From KTM300_at_aol.com Sun May 4 23:08:22 1997
From: KTM300_at_aol.com (Dave Schultz)
Date: Mon, 5 May 1997 02:07:49 -0400 (EDT)
Subject: Re: E36 Gauge panel instructions
E36 GAUGE PANEL INSTALL INSTRUCTIONS
(Note:This is somewhat of a technical operation, so do not attempt if you
are not sure of your abilities.)
(Note: Type of car I installed the package in was a 1996 E36 M3 with a 5
speed trans., your car might be different.)
Parts you will need not included in package:
- 2- 20ft. rolls of 14 gage wire of different color for sending units (I used
blue & green)
- 5ft. of red 14 gage wire for power hookup
- 5ft. of brown 14 gage wire for ground hookup
- 5ft. of any color 18 gage wire for power to gauge lights
- 5ft. of brown 18 gage wire for gauge lights ground
- 7 spade type terminal ends (1/4 inch)
- 3 round type terminal ends(the type a screw goes thru)
- At least 20 ft. of black spiral wrap (to wrap sending unit wire near engine)
- Lots of black nylon zip ties large & small (for securing wires)
- At least 5 blue 3M wire splices (for tapping into power wires)
- 2 oil drain plug rings from the dealer
Note: Most of this stuff is available thru North Hollywood Speedometer in the
Roundel at 1-818-761-5139.
- Remove center console over emergency brake. -First remove rear ashtray by
removing 2 black plastic screws. Remove 1 metal screw under that which holds
console. Gain access to front screw by squeezing shift boot on left and right
side and lifting. Push out emergency flasher button from behind and front
console screw is under there. Squeeze emergency brake handle boot in the same
way to remove it. Put car in first gear and emer. brake on to remove console
and feed emerg. brake boot thru its hole. Cup holder just pulls out( held in
with velcro) and if you have a center arm rest that must come out also.

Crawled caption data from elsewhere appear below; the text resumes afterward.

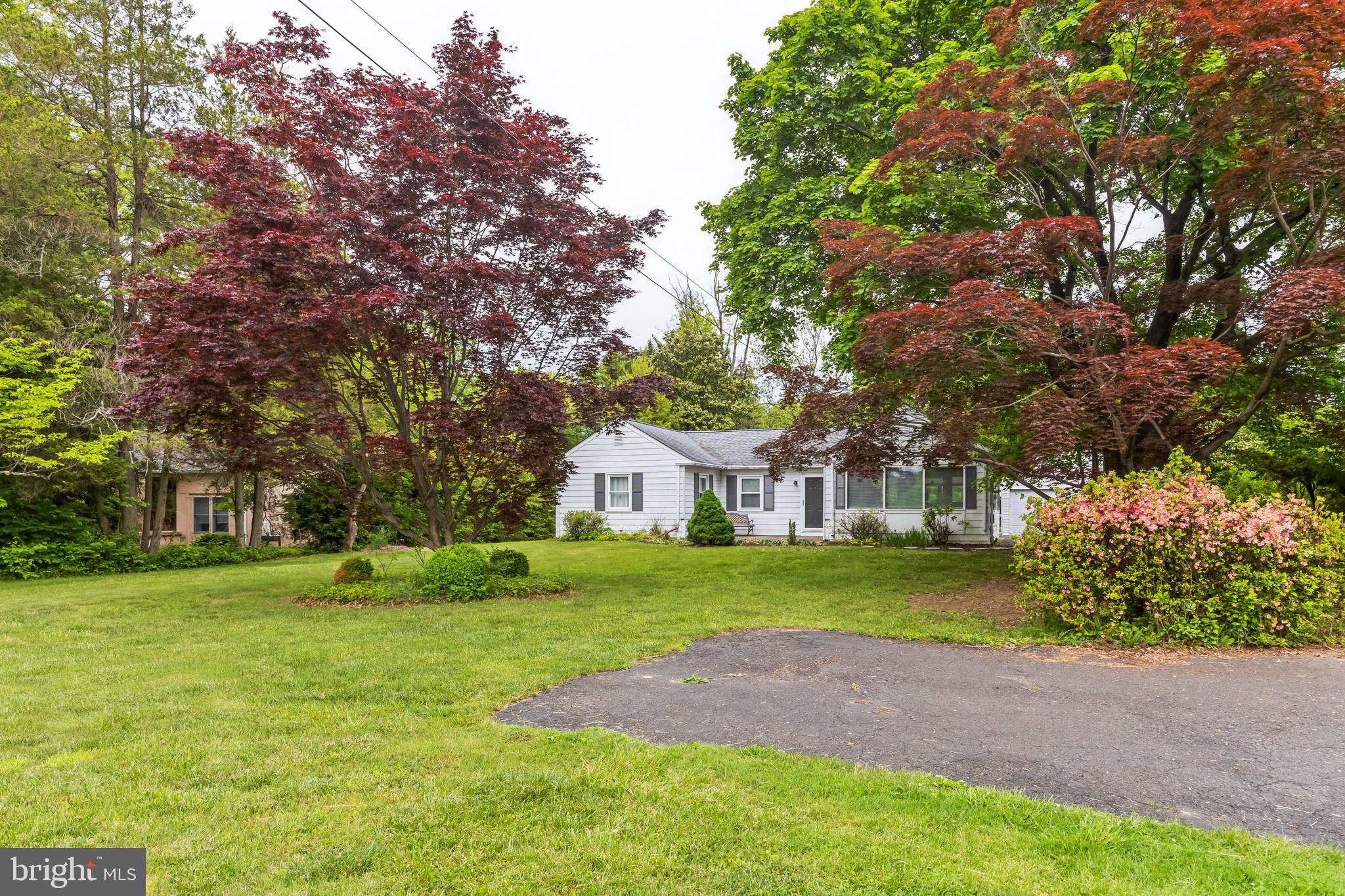 412 Meetinghouse Road Maple Glen, PA 19002 - Photo 2 of 22 Exterior Front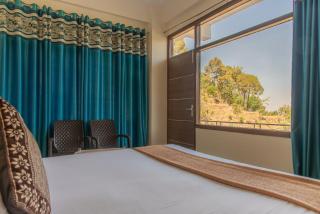 The MountainsVibes I Food & Free Parking Available I Family Events Allowed I Kasauli By Exotic Stays - Kasauli - 6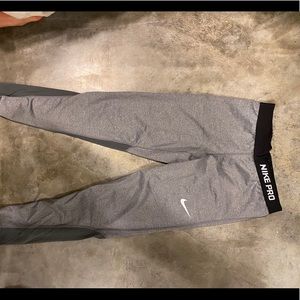 Grey Nike pro leggings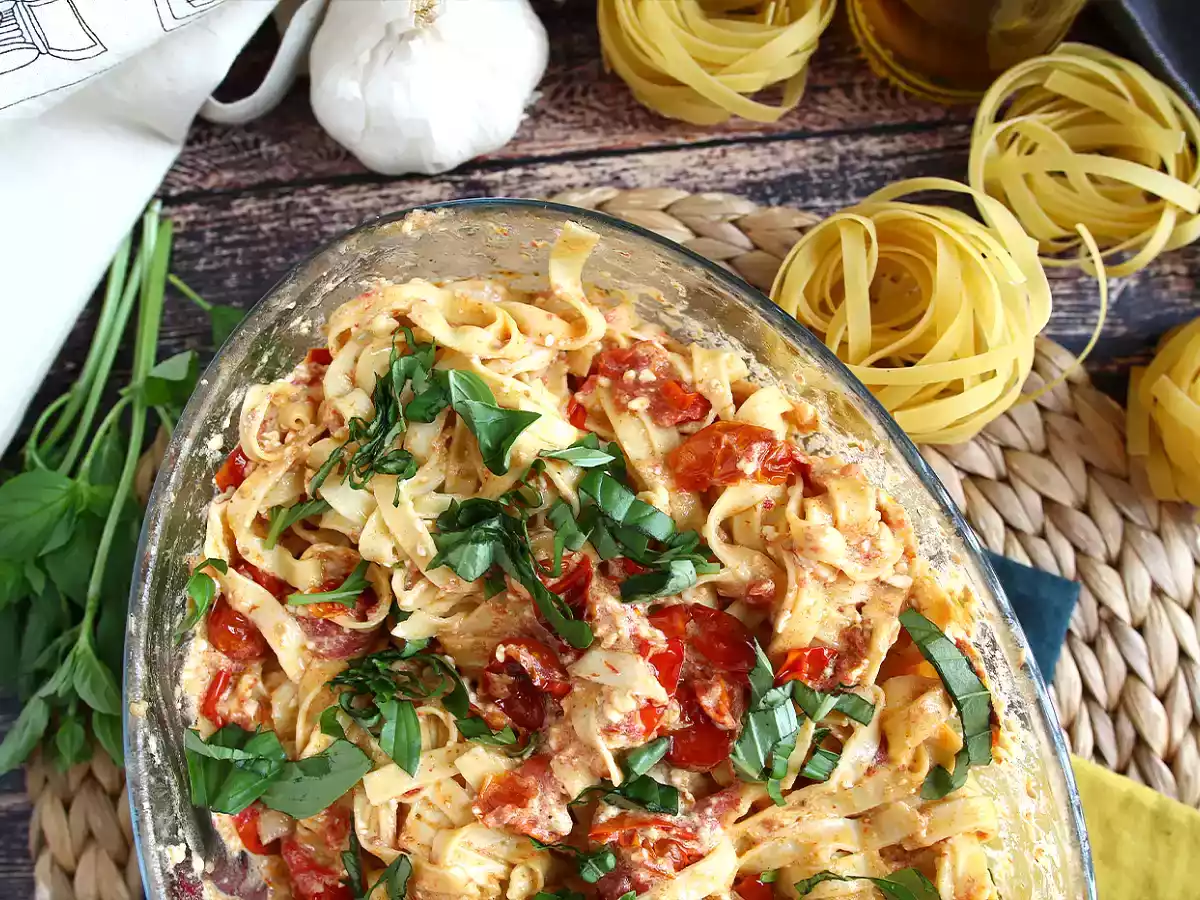 Tagliatelle feta cherrytomater - bagt feta-pasta - foto 7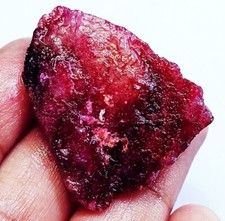 Natürlicher Roter Beryll Roh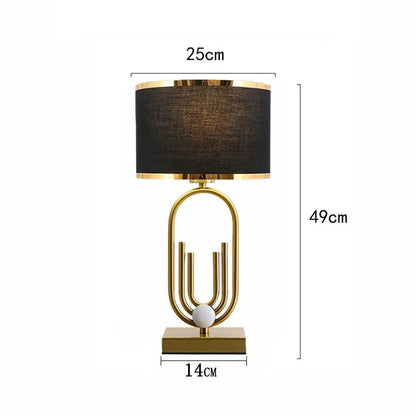 Orléans Moderne Gold Geometrische Tischleuchte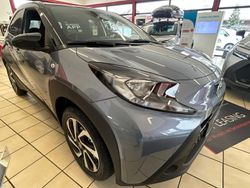 Urban khaki, dach mysticschwar Gebraucht 2024 Toyota Aygo Team Kleinwagen | 18.690 €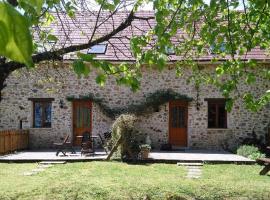 Gite du Sorbier, cottage in Le Chalard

Remove rear ashtray housing by lifting from the rear. Remove plastic cover
over armrest pivot then move armrest to up & down position. Push in on
retaining clips on each side with small screwdriver to remove armrest
retainers. You need to look inside the retainers with a light to see where
you have to push with the screwdriver to remove the retainers and they just
pull out. Set whole assy. aside.
- Remove glove box assy.. First pry out glove box light and remove large
10mm bolt from under light assy. Remove 2 screws in air vents, 2 screws
under plastic covers at door top edge, 2 screws at door hinge point (must use
offset phillips screwdriver here) and 2 screws mounted straight up at bottom
of glove box assy. in footwell. Pull whole assy. out and squeeze clips on
both sides of flashlight plug and pull that out towards the engine. Set
whole assy. aside.
- Remove trip computer and sunglass holder. To remove the trip computer
takes three hands. You can do it yourself but it's hard. First, find the
hole in the top middle of the sunglass holder. There is a small metal clip
there, and this is the bottom holder for the trip computer. Push up hard
just a little bit behind the metal clip while pulling out on the right & left
side of the trip computer. DO NOT DISCONNECT THE WIRES ! Pull the sunglass
holder up and out at the same time. Disconnect all the switches there.
Don't worry, they are color coded and "Murphy Proof". Disconnect the power
and ground wire from the cigarette lighter and also pull out the light assy
for the lighter. Take all the switches out by squeezing the clips on the
back and pulling the switch out. Replace them in the new gauge panel. Next
mount the gauges according to the instructions provided. The cigarette
lighter assy is much harder. Squeeze in on the two clips on the metal
insert and push out to remove that FIRST. Then remove the colored light ring
the same way. Replace that whole assy. in the new gauge panel. Set whole
- Loosen center console. No need to remove this part but just make sure it
can be moved about a little bit. First, remove the plastic 10mm nut just aft
of the emergency flasher button. Next remove the two screws at the top of
the console where it meets the dash. (At the top of the trip computer
mounting location). Remove the 10mm bolt inside the console on the right
side. This is mounted to the support bracket. There is also a small metal
screw there too. Remove that also. The console SHOULD? be free to move
- Run wires for gauges. Open the hood and find the large black rubber
grommet on the right side of the firewall. It will have the wiring harness
running into it. Around it are spare holes that no wires are running in.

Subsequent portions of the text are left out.